<<<<

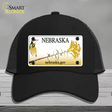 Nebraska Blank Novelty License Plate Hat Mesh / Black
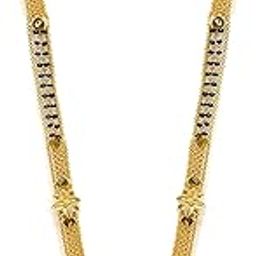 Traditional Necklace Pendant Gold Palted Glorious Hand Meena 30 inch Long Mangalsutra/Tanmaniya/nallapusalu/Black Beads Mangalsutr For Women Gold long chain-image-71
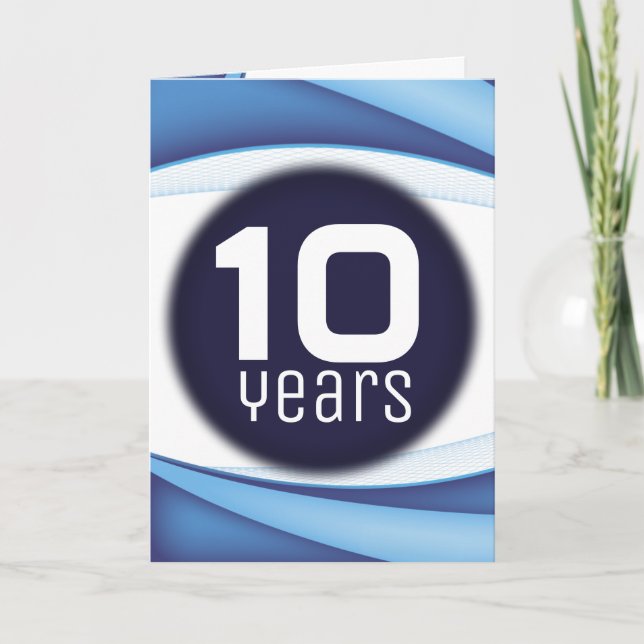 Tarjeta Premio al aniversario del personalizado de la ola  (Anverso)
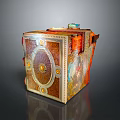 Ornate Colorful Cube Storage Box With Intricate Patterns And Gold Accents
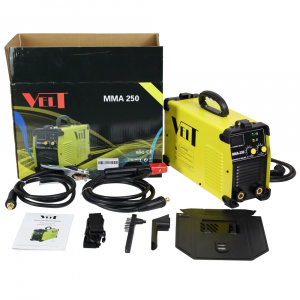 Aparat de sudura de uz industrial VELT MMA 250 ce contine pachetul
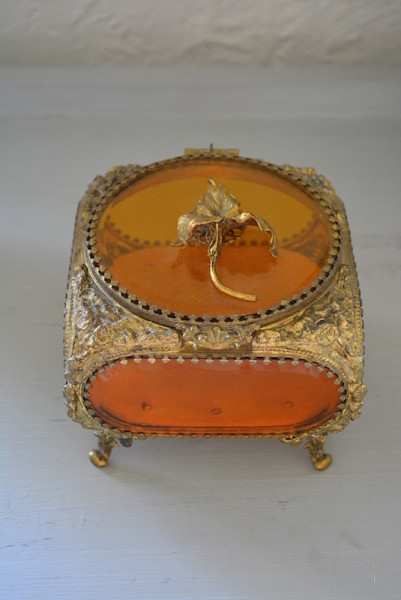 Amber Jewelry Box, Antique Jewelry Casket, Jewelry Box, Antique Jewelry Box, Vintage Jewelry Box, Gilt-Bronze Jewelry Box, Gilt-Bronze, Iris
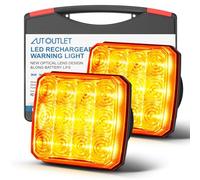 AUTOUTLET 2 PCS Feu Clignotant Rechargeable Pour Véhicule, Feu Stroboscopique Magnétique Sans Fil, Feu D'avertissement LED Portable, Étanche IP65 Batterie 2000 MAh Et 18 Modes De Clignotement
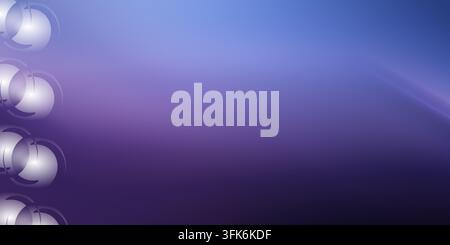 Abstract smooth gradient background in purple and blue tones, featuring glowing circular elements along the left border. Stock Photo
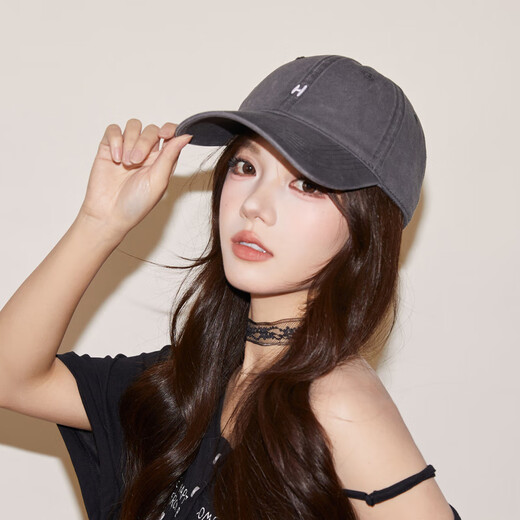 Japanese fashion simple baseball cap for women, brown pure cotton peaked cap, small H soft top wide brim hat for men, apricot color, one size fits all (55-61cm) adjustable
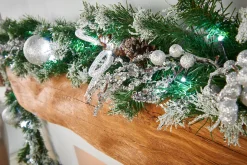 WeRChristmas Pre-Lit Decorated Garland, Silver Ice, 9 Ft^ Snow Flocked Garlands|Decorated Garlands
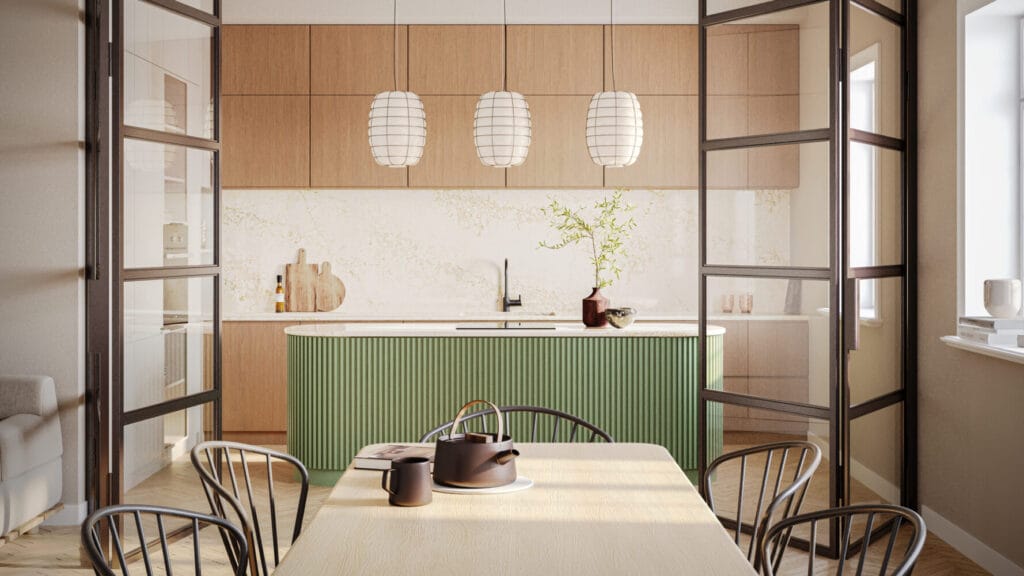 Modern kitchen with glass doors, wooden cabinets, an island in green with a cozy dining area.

>>>>

What is needed -> Exactly reproduce each record, leaving out any pictures.

Response box ->
 Nebraska Blank Novelty License Plate Hat Mesh / Black
 Traditional Necklace Pendant Gold Palted Glorious Hand Meena 30 inch Long Mangalsutra/Tanmaniya/nallapusalu/Black Beads Mangalsutr For Women Gold long chain-image-71
 Tarjeta Premio al aniversario del personalizado de la ola  (Anverso)
 Ornate Colorful Cube Storage Box With Intricate Patterns And Gold Accents
 Aparat de sudura de uz industrial VELT MMA 250 ce contine pachetul
 Amber Jewelry Box, Antique Jewelry Casket, Jewelry Box, Antique Jewelry Box, Vintage Jewelry Box, Gilt-Bronze Jewelry Box, Gilt-Bronze, Iris
 AUTOUTLET 2 PCS Feu Clignotant Rechargeable Pour Véhicule, Feu Stroboscopique Magnétique Sans Fil, Feu D'avertissement LED Portable, Étanche IP65 Batterie 2000 MAh Et 18 Modes De Clignotement
 Abstract smooth gradient background in purple and blue tones, featuring glowing circular elements along the left border. Stock Photo
 Japanese fashion simple baseball cap for women, brown pure cotton peaked cap, small H soft top wide brim hat for men, apricot color, one size fits all (55-61cm) adjustable
 WeRChristmas Pre-Lit Decorated Garland, Silver Ice, 9 Ft^ Snow Flocked Garlands|Decorated Garlands
 Modern kitchen with glass doors, wooden cabinets, an island in green with a cozy dining area.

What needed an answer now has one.